### Problem statement
Copy the records that follow exactly as written, but not their pictures.

Short web captions
****************

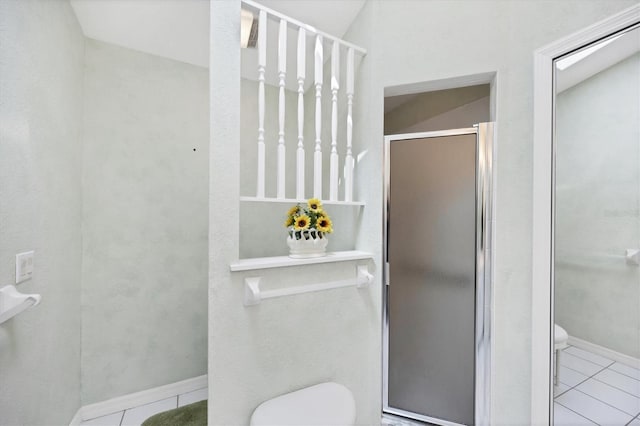 full bathroom featuring toilet, a stall shower, baseboards, and tile patterned floors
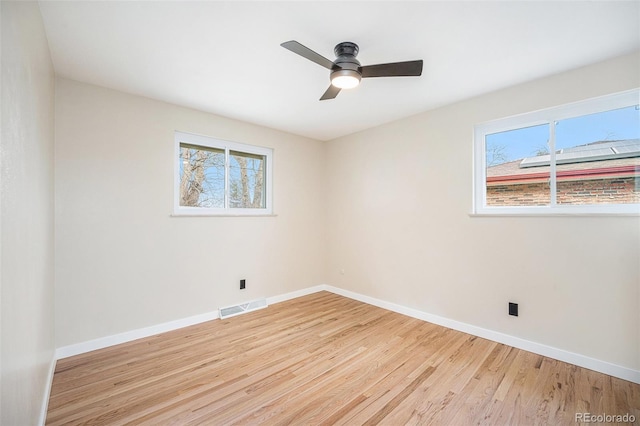 spare room featuring light wood-type flooring, visible vents, and a healthy amount of sunlight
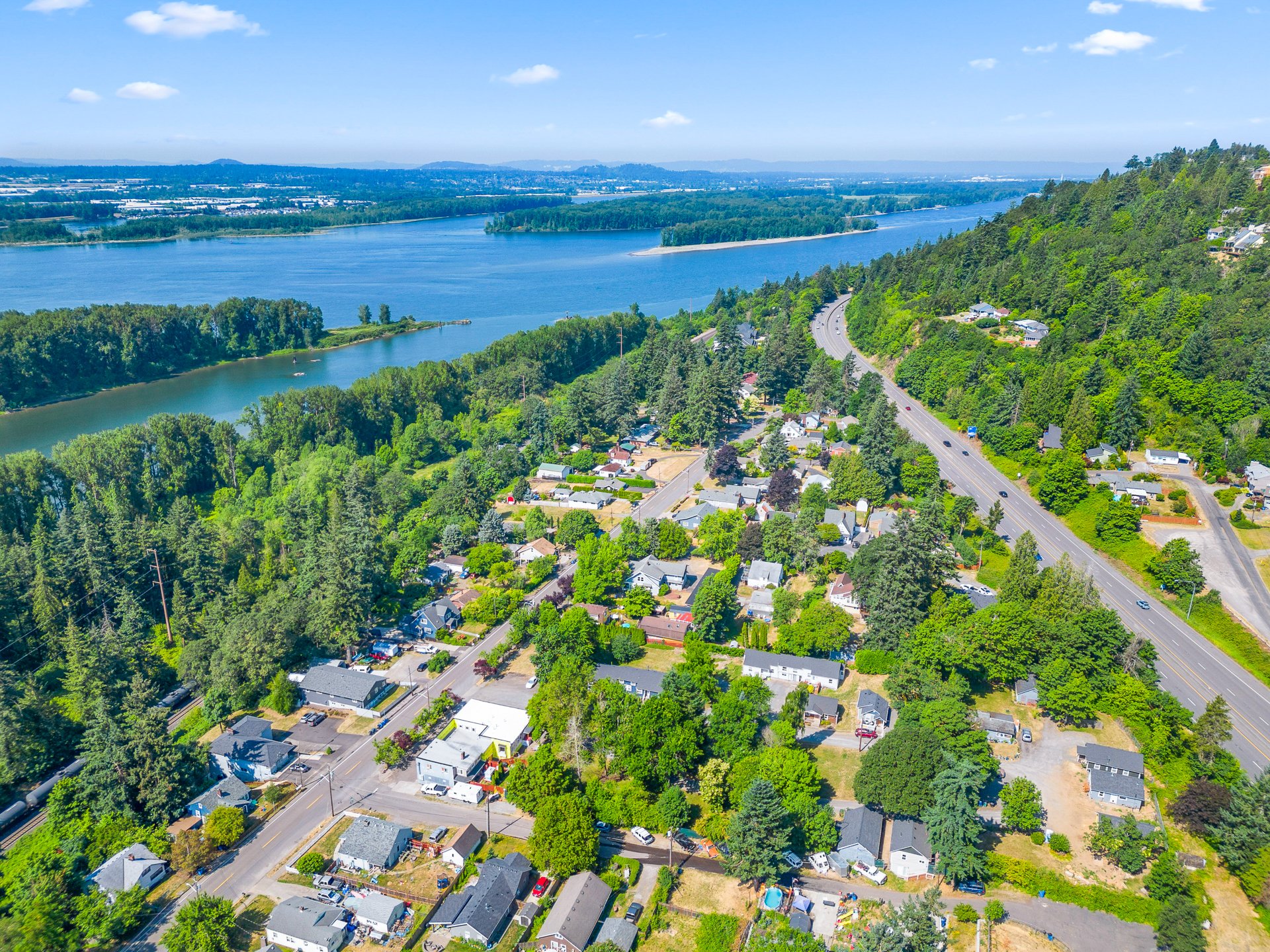 Aerial view of a small residential neighborhood by a river with lush green trees and hills in the background under a blue sky.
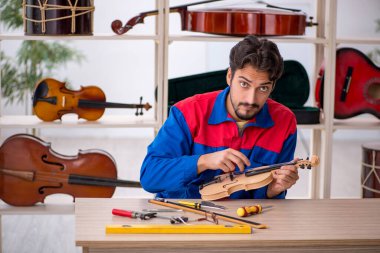 İçeride müzik aletlerini tamir eden genç bir adam.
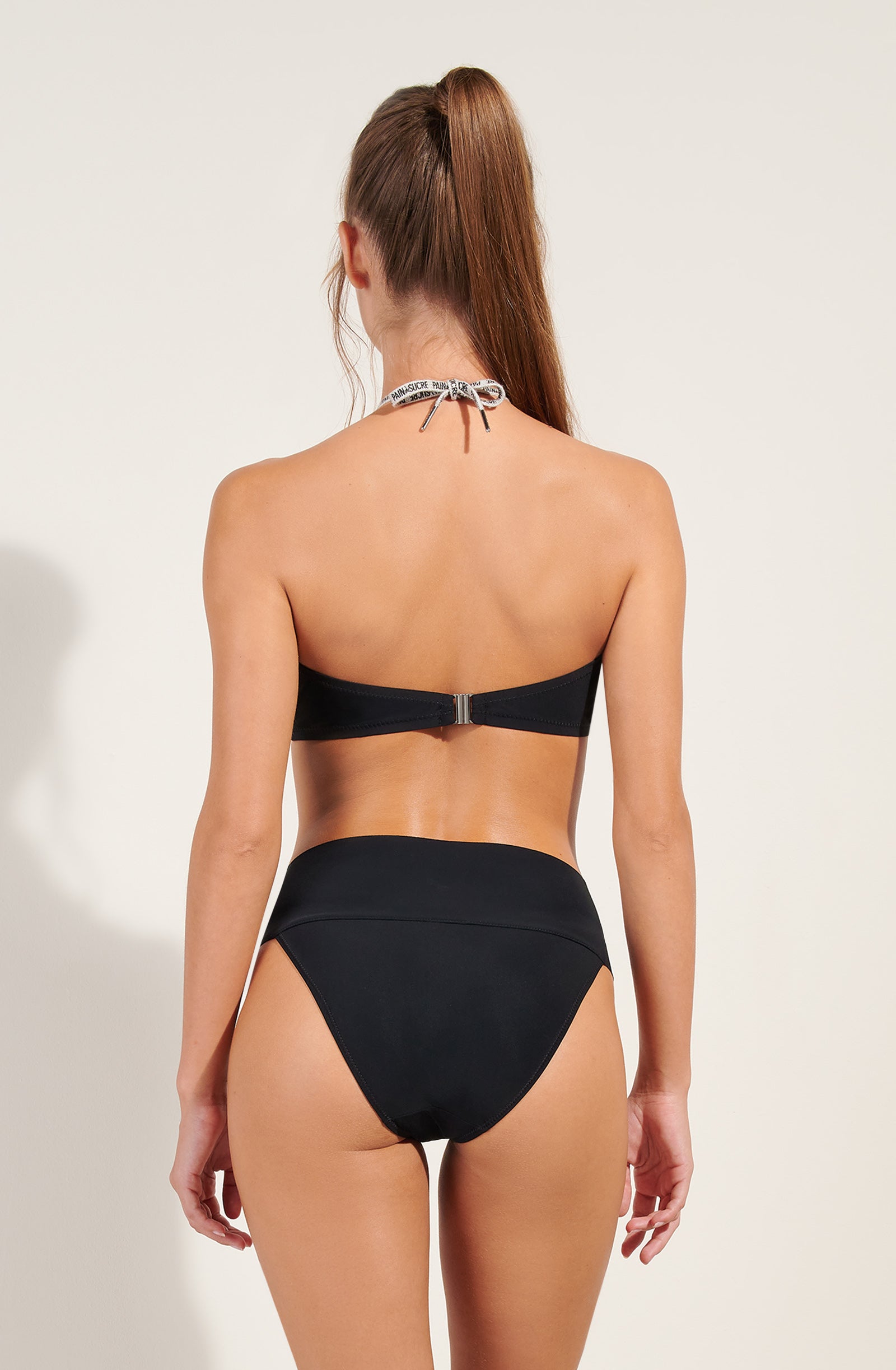 calio black covering bikini bottoms with lacing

****************

### Solution to this exercise
 full bathroom featuring toilet, a stall shower, baseboards, and tile patterned floors
 spare room featuring light wood-type flooring, visible vents, and a healthy amount of sunlight
 Aerial view of a small residential neighborhood by a river with lush green trees and hills in the background under a blue sky.
 İçeride müzik aletlerini tamir eden genç bir adam.
 calio black covering bikini bottoms with lacing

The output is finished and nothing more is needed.